The basic truth is, no matter how hard you work and how well you design solutions for customers, if you are weak in closing sales, you will suffer in your career. While closing sales comes naturally to some, others will benefit from learning how to effectively use proven closing techniques.
Following our research from customers and online, we have been able to come up with list that represents the techniques proven to be effective over time. Just like learning the features and benefits of your product or service took time and patience, learning these closing techniques will take time, patience, and then a whole lot of practice.
The Columbo Close
Not only was the TV character Columbo a fantastic police detective, he was also an exemplary sales coach. While few think of Columbo as a sales professional, his famous one-liner has led to more sales than almost any other line in sales history.
The classic Columbo close was the line he often used after the suspects thought Columbo was done speaking to them. He would turn and start to walk away, and just when the suspect began to breathe a sigh of relief, Columbo would turn and say, “Just one more thing.”
After you’ve wrapped up your sales pitch and you know the customer is about to walk away, use the Columbo line to hit the customer with the most enticing part of your pitch. It works whether you’re selling automobiles or timeshares.
The Assumptive Close
The assumptive close helps put sales professionals in a better state of mind because they assume that the customer is going to make a purchase. As long as the sales pro makes sure that each step of the sales process is covered and provides enough value to the customer, assuming a sale will close is a powerful and highly effective closing technique. If you learn only one close, this is the one to learn.
The key thing about the assumptive close is that you need to take frequent “temperature checks” of your customer to make sure that she is following along with your assumption-of-sale. There’s nothing to specifically say to enact this technique except to be as uber confident as possible in your product and yourself.
The Puppy Dog Close
Few can resist the cuteness of a puppy.
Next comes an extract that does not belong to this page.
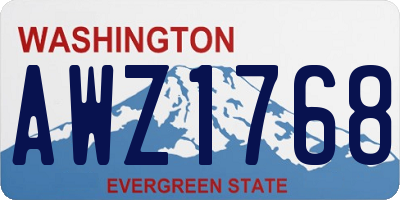 WA license plate AWZ1768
Take a dog lover into a puppy store and he’ll go gaga. Offer to let the dog lover take a puppy home to “try it out” and nine out of 10 times the customer will buy the puppy. For sales professionals who have the option of allowing their prospects to “test drive” or “try” their product, the puppy dog close has a very high closure rate.
If you’ve ever purchased a car, the sales professional most likely employed the puppy dog close on you. Using a puppy dog close is a low-pressure and highly effective method to get a customer to sign on the bottom line. Once you’re aware of the technique, you’ll see your sales numbers steadily improve.
The Backwards Close
Most sales professionals were taught that sales cycles followed a predetermined number of steps, with step one being the “prospecting and qualifying” step. But what if you started with the final step, asking for referrals? It is the backwards closing technique that starts where most sales end.
What most backward closing technique users experience is that they feel that the customer is immediately put at ease when they realize that you are not trying to sell them something. After that, it’s smooth sailing to explain the product and its benefits and value—and then ink the deal.
The Hard Close
Hard closing demands a lot of courage and confidence and should only be used when you have nothing to lose. While people generally love to buy things, most hate being sold to. When it comes to the hard close, customers are well aware that you are selling them something.
This is face-to-face, show no fear, get-the-deal-signed type of selling. Despite its negative reputation, sometimes the hard close is the best closing technique to use. The one caveat is that you should never use it too early in the sales cycle.
The Take Away Close
Let’s face it: we hate when things are taken away from us. Whether it is something we own or something that we want to own.
Did you know that taking things away from your prospects can actually be used as a closing technique? The take away close entails reviewing certain features or benefits a customer wants and then suggesting that they forgo some of these features—perhaps to offer a cost savings. This results in a psychological impact on customers not wanting to lose anything on their wish list and moving forward purchase the product.
The Now or Never Close
This is where salespeople make an offer that includes a special benefit that prompts an immediate purchase. For example:
- “This is the last one at this price.”
- “We’ve got a 20 percent discount just for customers who sign up today.”
This technique works because when it creates a sense of urgency and can help overcome inertia when a prospect wants to buy but for some reason is afraid to pull the trigger. Of course, always establish value before offering a discount or promotion.
The Summary Close
Salespeople who use this closing technique reiterate the items the customer is hopefully purchasing—stressing the value and benefits— in an effort to get the prospect to sign.
For example, “So, we have the Centrifab washing machine with a brushless motor, the 10-year comprehensive guarantee, and our free delivery and installation service. When would be a good time to deliver?”
By summarizing previously agreed-upon points into one impressive package, you’re helping prospects visualize what they’re truly getting out of the deal.